_Entries taken from a collection_:
*** Begin section ***

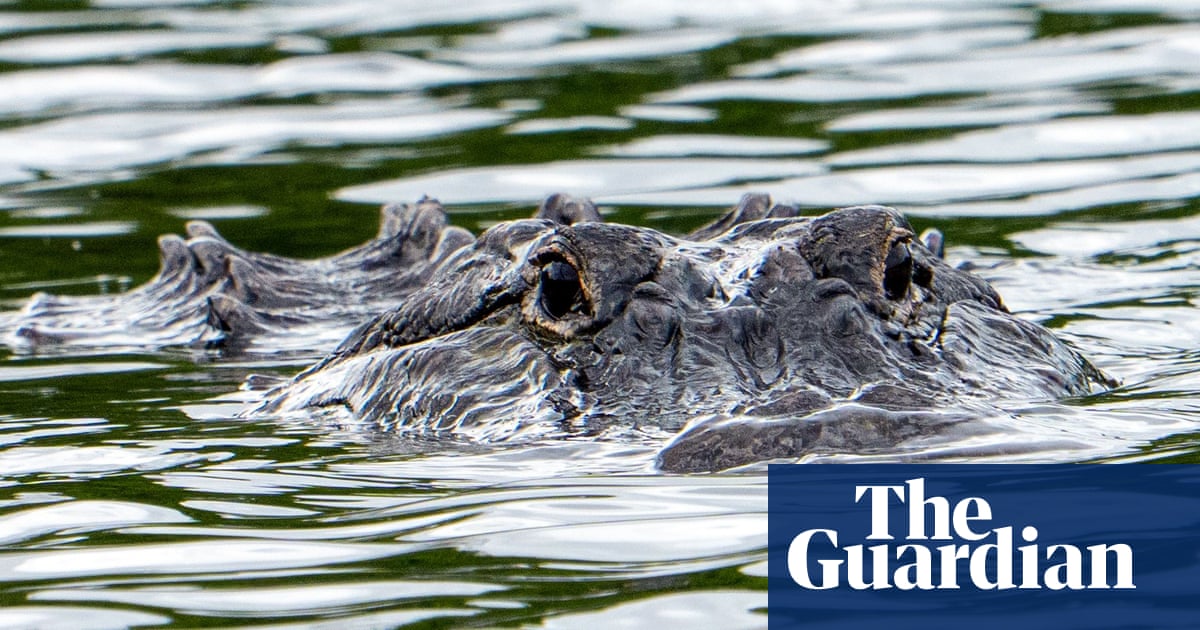 Florida woman swimming in river killed in rare alligator attack at state forest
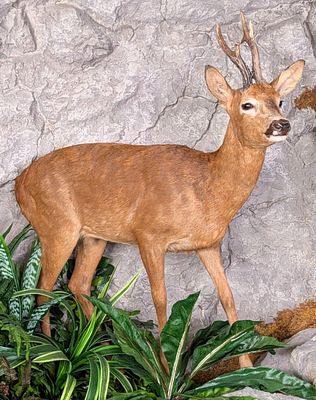 Roe Deer Full Body Taxidermy Mount No Base. Mount is in very nice condition with light wear 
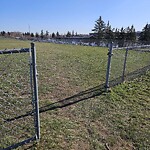 Fence or Structure Concern - City Property at 816 89 Av SW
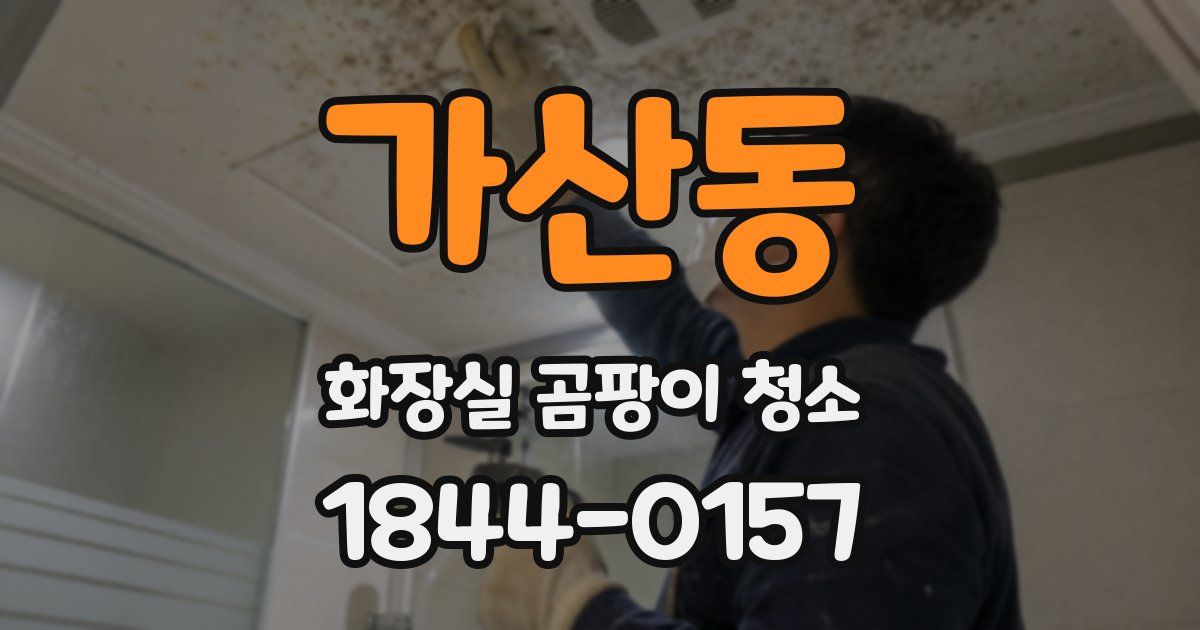 가산동 화장실 곰팡이 청소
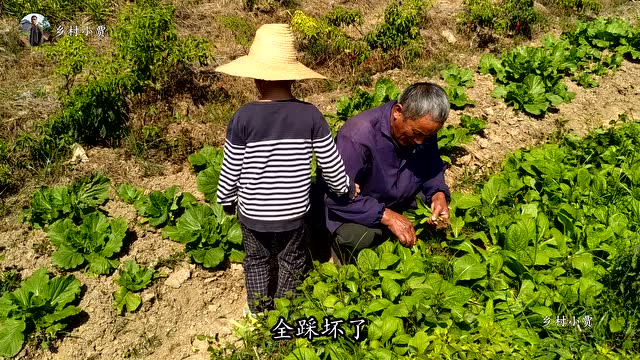 乡村小贾:农村小伙到地里拔芥菜秧,摄像师与甘蔗比高,太搞笑了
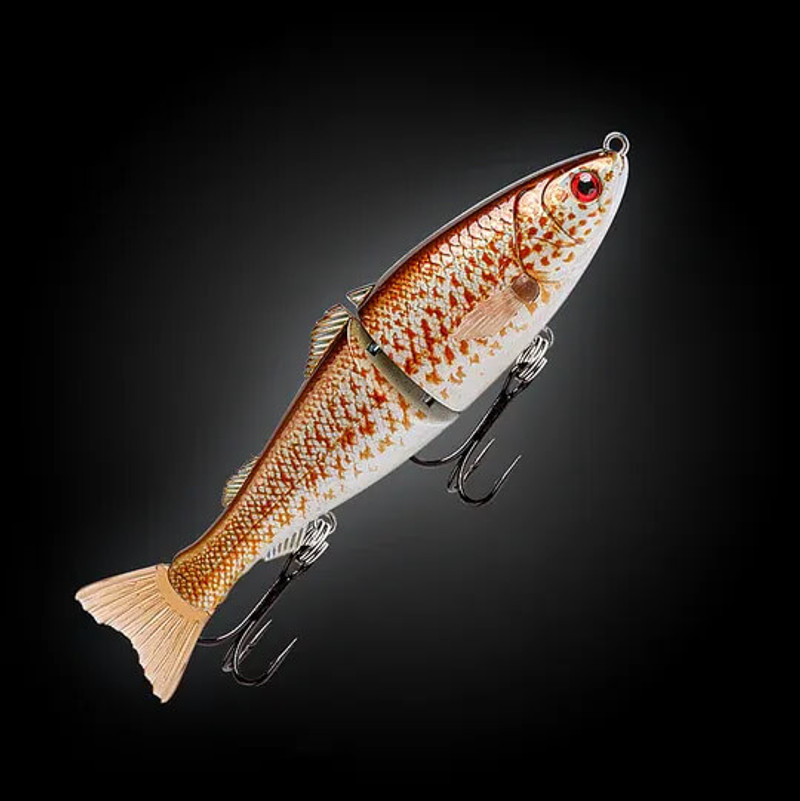 SPANGLED PERCH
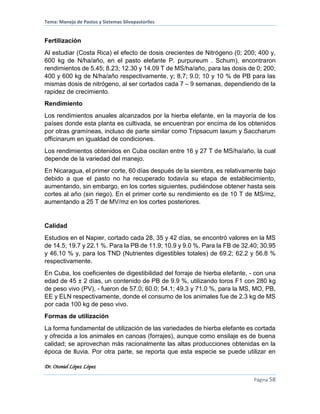 Tema: Manejo de Pastos y Sistemas Silvopastoriles
Dr. Otoniel López López
Página 58
Fertilización
Al estudiar (Costa Rica) el efecto de dosis crecientes de Nitrógeno (0; 200; 400 y,
600 kg de N/ha/año, en el pasto elefante P. purpureum . Schum), encontraron
rendimientos de 5.45; 8.23; 12.30 y 14.09 T de MS/ha/año, para las dosis de 0; 200;
400 y 600 kg de N/ha/año respectivamente, y; 8,7; 9.0; 10 y 10 % de PB para las
mismas dosis de nitrógeno, al ser cortados cada 7 – 9 semanas, dependiendo de la
rapidez de crecimiento.
Rendimiento
Los rendimientos anuales alcanzados por la hierba elefante, en la mayoría de los
países donde esta planta es cultivada, se encuentran por encima de los obtenidos
por otras gramíneas, incluso de parte similar como Tripsacum laxum y Saccharum
officinarum en igualdad de condiciones.
Los rendimientos obtenidos en Cuba oscilan entre 16 y 27 T de MS/ha/año, la cual
depende de la variedad del manejo.
En Nicaragua, el primer corte, 60 días después de la siembra, es relativamente bajo
debido a que el pasto no ha recuperado todavía su etapa de establecimiento,
aumentando, sin embargo, en los cortes siguientes, pudiéndose obtener hasta seis
cortes al año (sin riego). En el primer corte su rendimiento es de 10 T de MS/mz,
aumentando a 25 T de MV/mz en los cortes posteriores.
Calidad
Estudios en el Napier, cortado cada 28, 35 y 42 días, se encontró valores en la MS
de 14.5; 19.7 y 22.1 %. Para la PB de 11.9; 10.9 y 9.0 %. Para la FB de 32.40; 30.95
y 46.10 % y, para los TND (Nutrientes digestibles totales) de 69.2; 62.2 y 56.8 %
respectivamente.
En Cuba, los coeficientes de digestibilidad del forraje de hierba elefante, - con una
edad de 45 ± 2 días, un contenido de PB de 9.9 %, utilizando toros F1 con 280 kg
de peso vivo (PV), - fueron de 57.0; 60.0; 54.1; 49.3 y 71.0 %, para la MS, MO, PB,
EE y ELN respectivamente, donde el consumo de los animales fue de 2.3 kg de MS
por cada 100 kg de peso vivo.
Formas de utilización
La forma fundamental de utilización de las variedades de hierba elefante es cortada
y ofrecida a los animales en canoas (forrajes), aunque como ensilaje es de buena
calidad; se aprovechan más racionalmente las altas producciones obtenidas en la
época de lluvia. Por otra parte, se reporta que esta especie se puede utilizar en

*** End section ***

_TASK DESCRIPTION_: Beginning with the first line of the records, write out every line up to and including the one with "400 y 600 kg", exactly, and omit all pictures.

_SOLVED EXERCISE_:
 Florida woman swimming in river killed in rare alligator attack at state forest
 Roe Deer Full Body Taxidermy Mount No Base. Mount is in very nice condition with light wear 
 Fence or Structure Concern - City Property at 816 89 Av SW
 가산동 화장실 곰팡이 청소
 乡村小贾:农村小伙到地里拔芥菜秧,摄像师与甘蔗比高,太搞笑了
 SPANGLED PERCH
 Tema: Manejo de Pastos y Sistemas Silvopastoriles
Dr. Otoniel López López
Página 58
Fertilización
Al estudiar (Costa Rica) el efecto de dosis crecientes de Nitrógeno (0; 200; 400 y,
600 kg de N/ha/año, en el pasto elefante P. purpureum . Schum), encontraron
rendimientos de 5.45; 8.23; 12.30 y 14.09 T de MS/ha/año, para las dosis de 0; 200;
400 y 600 kg de N/ha/año respectivamente, y; 8,7; 9.0; 10 y 10 % de PB para las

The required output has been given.